Each transcript molecule should be processed independently from each other transcript molecule in the same reaction volume. The number of reads generated from each transcript molecule is a random variable, and the count for each gene is the sum of these RVs. Doubling the number of molecules should result in a doubling of the expected count.
The concept of a “detection limit” is also misleading: it’s not as if, below a certain number of transcript molecules, no reads will be detected. This would require some mechanism of communication between transcript molecules in order that the total number of molecules can affect the processing of each molecule. It makes more sense to consider the probability of observing zero reads with decreasing abundance, as cDNA molecules are randomly sampled for sequencing. Having a lot of zero counts beyond a certain expected count is not evidence for a detection limit - this is a simple consequence of sampling.
Linearity should still hold if sequencing resources are saturated. This would provide some sort of message passing mechanism as transcripts compete for sequencing resources. However, composition biases should affect all transcripts equally, and the final count should still be linear with respect to the number of input molecules.

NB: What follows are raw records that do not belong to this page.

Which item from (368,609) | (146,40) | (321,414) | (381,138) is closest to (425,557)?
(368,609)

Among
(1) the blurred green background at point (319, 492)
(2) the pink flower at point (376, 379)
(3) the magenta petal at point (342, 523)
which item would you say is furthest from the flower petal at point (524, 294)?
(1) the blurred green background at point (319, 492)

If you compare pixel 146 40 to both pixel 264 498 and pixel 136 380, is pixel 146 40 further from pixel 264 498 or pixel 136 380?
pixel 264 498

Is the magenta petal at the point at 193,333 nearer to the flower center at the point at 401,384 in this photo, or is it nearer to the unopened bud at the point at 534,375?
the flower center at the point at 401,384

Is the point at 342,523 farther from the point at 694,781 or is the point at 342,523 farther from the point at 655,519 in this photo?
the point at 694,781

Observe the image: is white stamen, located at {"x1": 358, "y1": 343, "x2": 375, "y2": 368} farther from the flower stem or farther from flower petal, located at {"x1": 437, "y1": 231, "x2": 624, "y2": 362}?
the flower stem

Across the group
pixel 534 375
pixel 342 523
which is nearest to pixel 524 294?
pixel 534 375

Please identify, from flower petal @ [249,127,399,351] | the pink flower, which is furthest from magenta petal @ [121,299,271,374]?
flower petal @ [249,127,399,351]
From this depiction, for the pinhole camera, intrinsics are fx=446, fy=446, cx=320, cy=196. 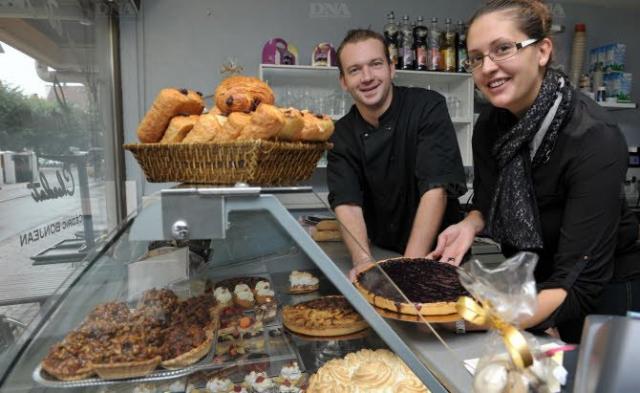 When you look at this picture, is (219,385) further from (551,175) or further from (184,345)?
(551,175)

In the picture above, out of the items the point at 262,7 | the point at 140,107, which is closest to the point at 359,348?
the point at 140,107

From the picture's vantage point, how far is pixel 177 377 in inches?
37.0

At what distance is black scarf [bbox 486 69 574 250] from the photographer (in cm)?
126

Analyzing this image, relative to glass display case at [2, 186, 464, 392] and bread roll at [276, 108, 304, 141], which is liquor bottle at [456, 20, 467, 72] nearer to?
glass display case at [2, 186, 464, 392]

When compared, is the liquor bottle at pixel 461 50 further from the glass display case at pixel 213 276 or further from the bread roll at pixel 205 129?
the bread roll at pixel 205 129

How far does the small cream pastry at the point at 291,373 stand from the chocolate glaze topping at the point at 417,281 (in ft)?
0.88

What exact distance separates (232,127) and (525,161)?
3.03ft

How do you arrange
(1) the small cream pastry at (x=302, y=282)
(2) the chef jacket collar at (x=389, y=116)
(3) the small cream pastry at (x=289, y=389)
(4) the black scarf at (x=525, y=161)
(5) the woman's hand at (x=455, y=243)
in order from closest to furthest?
(3) the small cream pastry at (x=289, y=389) → (1) the small cream pastry at (x=302, y=282) → (4) the black scarf at (x=525, y=161) → (5) the woman's hand at (x=455, y=243) → (2) the chef jacket collar at (x=389, y=116)

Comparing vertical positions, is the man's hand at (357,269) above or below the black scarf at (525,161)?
below

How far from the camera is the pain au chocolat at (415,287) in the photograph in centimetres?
95

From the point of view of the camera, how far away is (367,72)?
6.10ft

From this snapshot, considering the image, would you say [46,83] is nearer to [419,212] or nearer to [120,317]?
[120,317]

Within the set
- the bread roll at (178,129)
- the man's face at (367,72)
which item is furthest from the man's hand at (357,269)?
the man's face at (367,72)

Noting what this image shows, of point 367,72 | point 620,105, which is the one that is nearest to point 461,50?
point 620,105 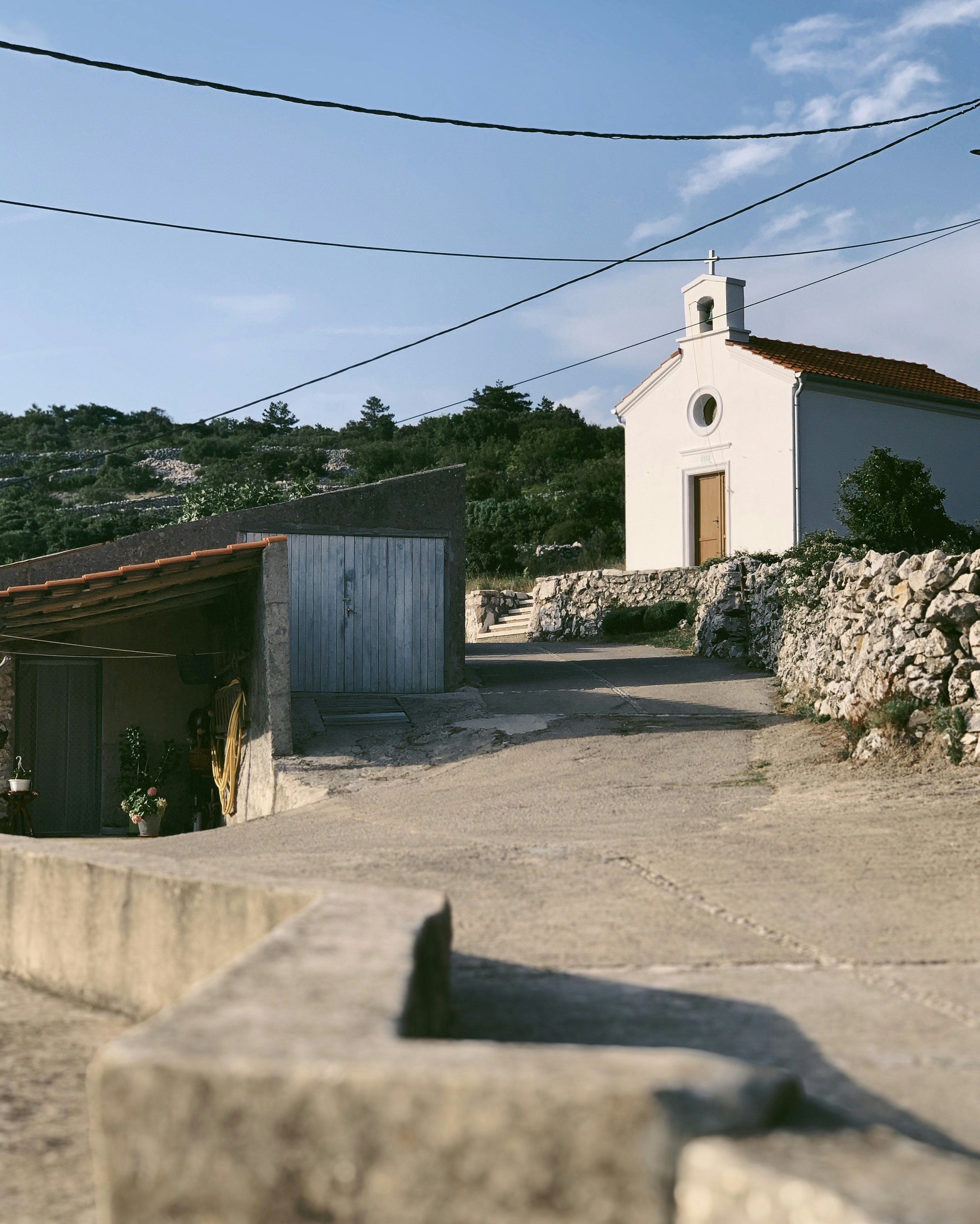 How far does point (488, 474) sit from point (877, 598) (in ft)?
123

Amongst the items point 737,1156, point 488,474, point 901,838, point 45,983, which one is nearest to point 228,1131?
point 737,1156

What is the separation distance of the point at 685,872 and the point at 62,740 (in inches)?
379

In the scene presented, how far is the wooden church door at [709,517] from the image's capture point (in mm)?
23391

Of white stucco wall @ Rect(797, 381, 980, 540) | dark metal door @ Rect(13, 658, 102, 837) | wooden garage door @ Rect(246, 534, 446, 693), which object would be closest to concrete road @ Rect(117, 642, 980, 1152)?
wooden garage door @ Rect(246, 534, 446, 693)

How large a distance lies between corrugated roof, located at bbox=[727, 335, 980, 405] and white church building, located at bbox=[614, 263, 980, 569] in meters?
0.06

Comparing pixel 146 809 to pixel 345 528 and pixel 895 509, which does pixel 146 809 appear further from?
pixel 895 509

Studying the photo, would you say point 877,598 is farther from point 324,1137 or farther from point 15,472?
point 15,472

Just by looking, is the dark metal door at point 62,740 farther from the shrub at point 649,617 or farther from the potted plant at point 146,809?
the shrub at point 649,617

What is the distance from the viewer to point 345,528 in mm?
14016

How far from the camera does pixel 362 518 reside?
1407 centimetres

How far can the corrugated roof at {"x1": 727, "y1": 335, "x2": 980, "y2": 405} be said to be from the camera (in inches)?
890

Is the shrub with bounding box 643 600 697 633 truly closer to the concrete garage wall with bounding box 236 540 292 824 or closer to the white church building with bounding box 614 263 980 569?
the white church building with bounding box 614 263 980 569

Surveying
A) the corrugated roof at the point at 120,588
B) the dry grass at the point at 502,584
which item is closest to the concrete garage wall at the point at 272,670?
the corrugated roof at the point at 120,588

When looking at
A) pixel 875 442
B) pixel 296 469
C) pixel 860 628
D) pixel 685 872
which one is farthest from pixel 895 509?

The count distributions for lower-abundance spike-in transcripts often have higher dispersions. This shouldn’t be possible if transcript molecules are captured independently of one another with the same fixed probability. In such a system, everything should be effectively Poisson distributed (assuming rare capture).
Instead, we can consider the number of reads generated from each transcript molecule as a NB distribution. For UMIs, we can similarly consider a Beta-binomial distribution where the capture probability fluctuates between molecules. The sum of counts from many transcripts will subsequently result in a lower dispersion for high-abundance genes, due to averaging of fluctuations in the process between molecules.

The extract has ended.